Those who travel often have an airport they love to hate.
These airports drag out an already long and uncomfortable day. In reviewing the
flight data for 2013, the airport with the greatest amount of arrival delay was
Chicago O’Hare. When faced with traveling through an airport with lots of
delays what can you do to minimize your chances of being delayed? As a team we
took a look at the data to find some answers.
To get the data on flights we used two sources. The first
was http://www.rita.dot.gov/ and the
second was http://openflights.org/ .
RITA, Research and Innovative Technology Administration, is a site managed by
the United States Government and it provides large data sets pertaining to
transportation. RITA provided the core data about flights, delays, airports,
and much more that we needed for analysis. Unfortunately, some of the data is
kind of cryptic. For example the airports are listed with a three character
airport code. This does not help in knowing the full airport name or in knowing
the exact location of the airport.
This is where the second data set comes in. Openflights.org
provides a dataset with all the location and identification data for all the
airports. By combining the two data sets based on the three character airport
ID we are able to get a more complete understanding of the data.

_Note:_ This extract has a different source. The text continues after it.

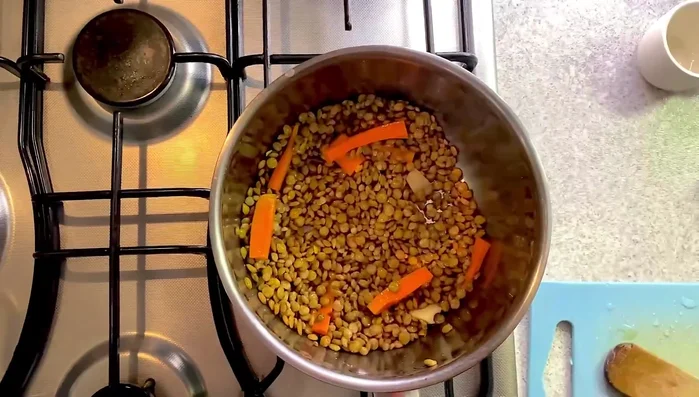 Aggiungere 6 tazze d'acqua (3 tazze per ogni tazza di lenticchie).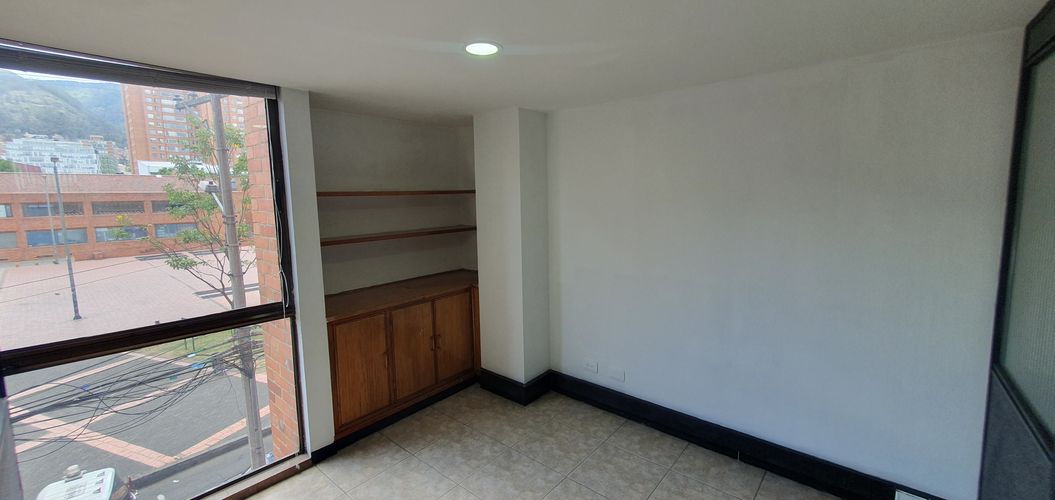 Oficina en venta en El Lago, Bogotá - Miniatura 9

Once we had the data we needed a way to make sense of it.
First we cleaned the data by removing information we did not need, such as on
time flights. Using the power of pivot tables and strong integration with
MySQL, Excel has helped us to quickly clean & make meaning out of data. The
data is historical and structured simplifying the migration to MySQL for quick
query processing. MySQL also integrated well with our visualization tool of
choice, tableau. The ease of using measures, dimensions, and coming up with
dashboards is what inspired us to use tableau. Also, using Tableau Public, we
were able to publish our dashboards online and obtain JavaScript’s to embed.
With the data prepared we were ready to answer some questions. The
first visualization provides insights into flight delays for routes originating
from Chicago O'Hare International Airport. The darkness of the routes corresponds
to the length of the arrival delay. The pie charts illustrate how each delay
type contributes to the total arrival delay.
First we wanted to know who which airports have the greatest arrival
delay from Chicago. The next visualization shows the top 10 destination
airports from Chicago with maximum delay, where dark orange represents the most
delayed destination – ‘La Guardia’. This could be due to the large number of
flights from Chicago for ‘La Guardia’.
As a passenger there are not a lot of options for
different layovers when traveling to your destination. If you must travel through an airport with
heavy delays what can you do to mitigate the chances of being delayed? This
question drove our next several questions. Starting with when is the best time
of day and day of the week to fly to avoid delays? In analyzing the data, we
plotted delays based on the time of day and day of the week, creating a map of
when to fly. We can see early hours (5a.m. to 8 a.m.) are best to fly while
flight departing 3:00 p.m. to 6 p.m. have most arrivals delays. Also,
Wednesday, Thursday, and Sunday have highest delays in afternoons. Sunday is
day 7.
Code
|
Carrier
|
9E
|
Endeavor Air
|
AA
|
American
|
DL
|
Delta
|
EV
|
ExpressJet
|
MQ
|
American Eagle
|
OO
|
Skywest
|
UA
|
United
|
US
|
USAir
|
VX
|
Virgin America
|
YV
|
Mesa Airlines
|
Carrier issues was the next point of investigation.
Which carrier has the least or most delays? Delta DL has the most cancelations
mostly since it runs Endeavor Air as well.
We then did the same type of analysis on canceled
flights.
We found that La Guardia has the most cancelations
while Los Angeles has the fewest.
We also found that Saturday (6) is the best day to
travel to avoid cancelations.
In conclusion we found that it is best to travel
early in the morning on a Saturday. June is the worst month to fly, Delta has
the most issues, and La Guardia is almost guaranteed to give you issues.